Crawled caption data
__________
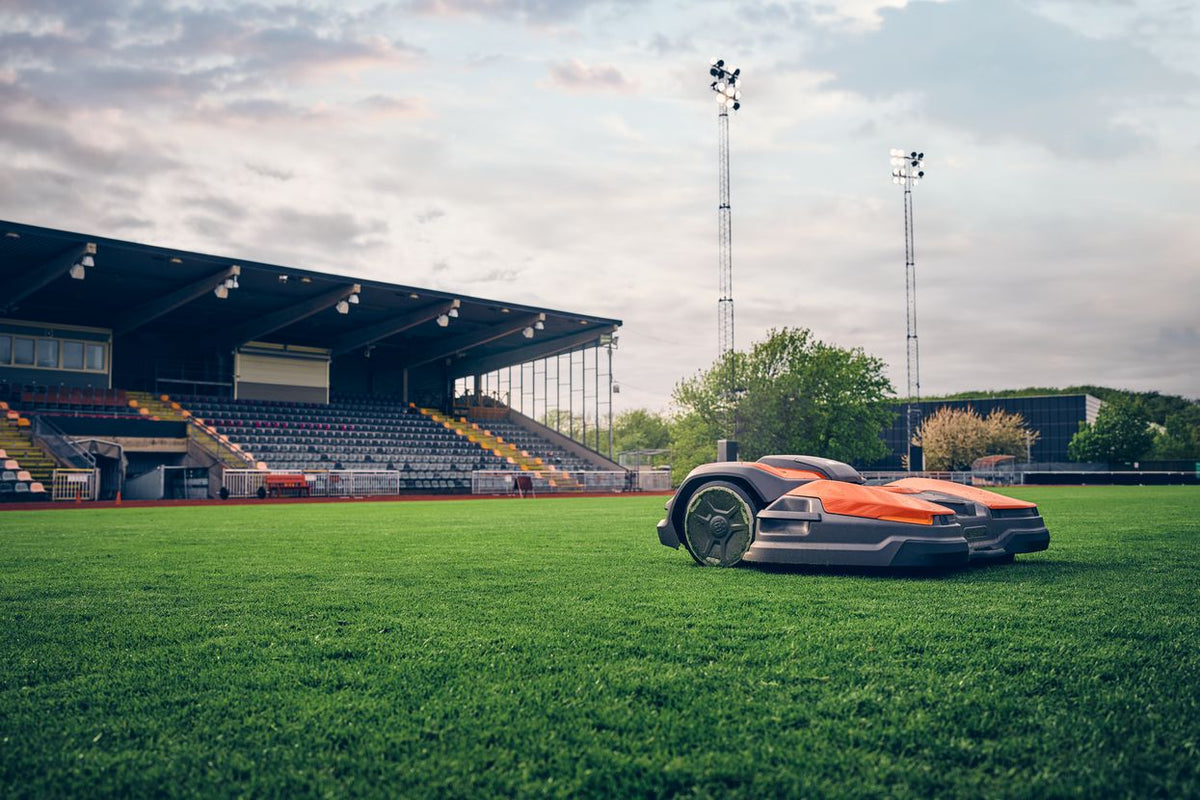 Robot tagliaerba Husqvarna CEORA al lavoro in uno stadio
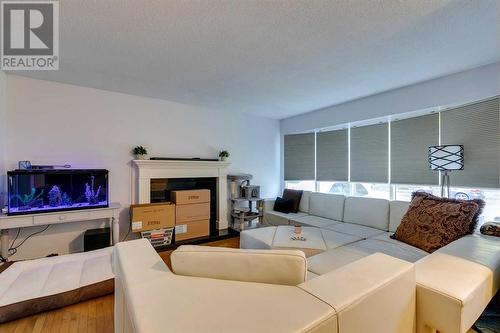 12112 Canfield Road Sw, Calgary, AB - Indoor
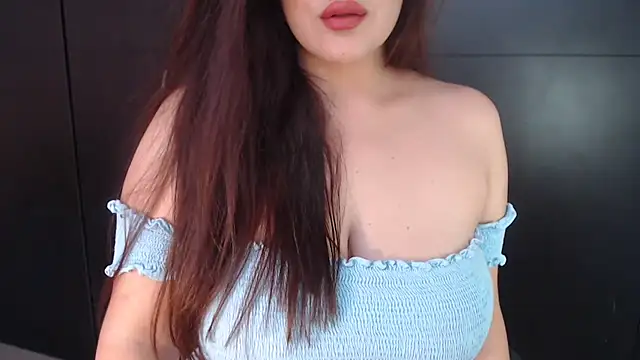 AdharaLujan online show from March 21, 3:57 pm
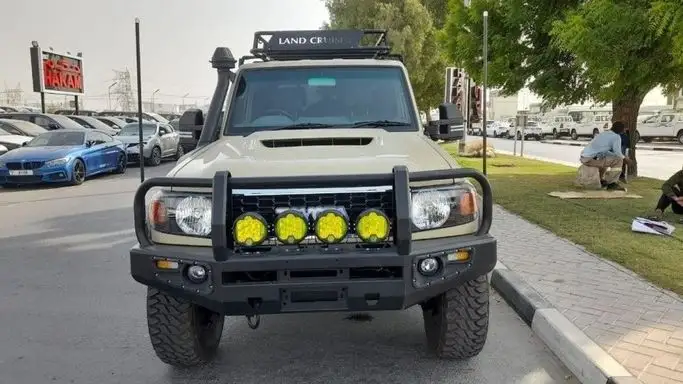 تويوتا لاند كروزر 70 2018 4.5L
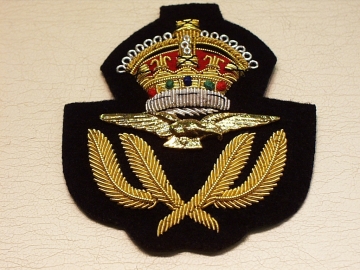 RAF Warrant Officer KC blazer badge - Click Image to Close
__________
Your objective
Retype all the entries exactly; drop the pictures.

Result for this task
 Robot tagliaerba Husqvarna CEORA al lavoro in uno stadio
 12112 Canfield Road Sw, Calgary, AB - Indoor
 AdharaLujan online show from March 21, 3:57 pm
 تويوتا لاند كروزر 70 2018 4.5L
 RAF Warrant Officer KC blazer badge - Click Image to Close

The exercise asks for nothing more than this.